Google ha fatto il punto sulle proprie azioni finalizzate a mantenere “pulito” il network di siti che fanno parte dell’offerta AdSense. L’obiettivo è infatti quello di mantenere alta la qualità dei contenuti e la serietà dei publisher in collaborazione, poiché da questo tipo di prodotti dipendono le performance delle inserzioni e la capacità di conversione su cui i clienti possono conseguentemente contare. E sulla base di quanto indicato nel nuovo Bad Ads Report 2016, per Google sono stati mesi di grandi purghe, confinando fuori dal network milioni di riferimenti precedentemente finanziati con spazi AdSense.
L’anno scorso abbiamo fatto due cose fondamentali per rimuovere gli annunci ingannevoli o pericolosi.

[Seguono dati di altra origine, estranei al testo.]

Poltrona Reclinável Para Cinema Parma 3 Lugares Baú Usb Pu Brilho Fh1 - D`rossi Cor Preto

Per prima cosa abbiamo esteso le nostre policy per proteggere meglio gli utenti da offerte fuorvianti o predatorie. […] In secondo luogo abbiamo rafforzato le nostre tecnologie così da poter individuare e rimuovere gli annunci pericolosi ancora più velocemente.

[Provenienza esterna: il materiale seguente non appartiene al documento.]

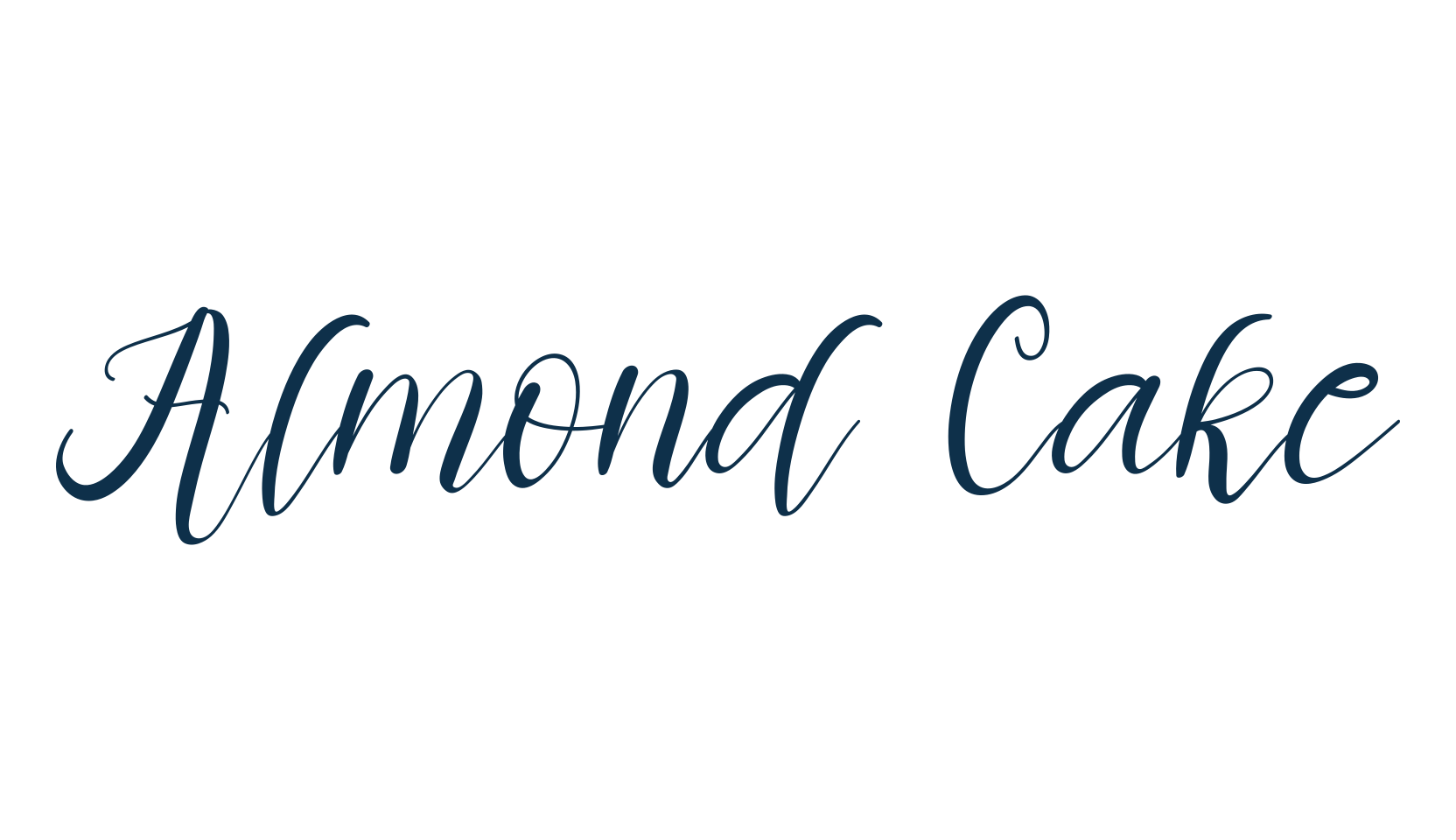 Almond Cake, calligraphy font preview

La purga ha interessato quindi anche le fake news, soprattutto quando prodotte in serie per catturare traffico approfittando dell’emotività e della credulità di utenti poco smaliziati.
Da novembre a dicembre dello scorso anno, abbiamo controllato 550 siti sospettati di ingannare gli utenti, compresi alcuni che simulavano siti di notizie. Siamo intervenuti su 340 di questi per violazione delle nostre policy e circa 200 publisher sono stati espulsi definitivamente dal nostro network.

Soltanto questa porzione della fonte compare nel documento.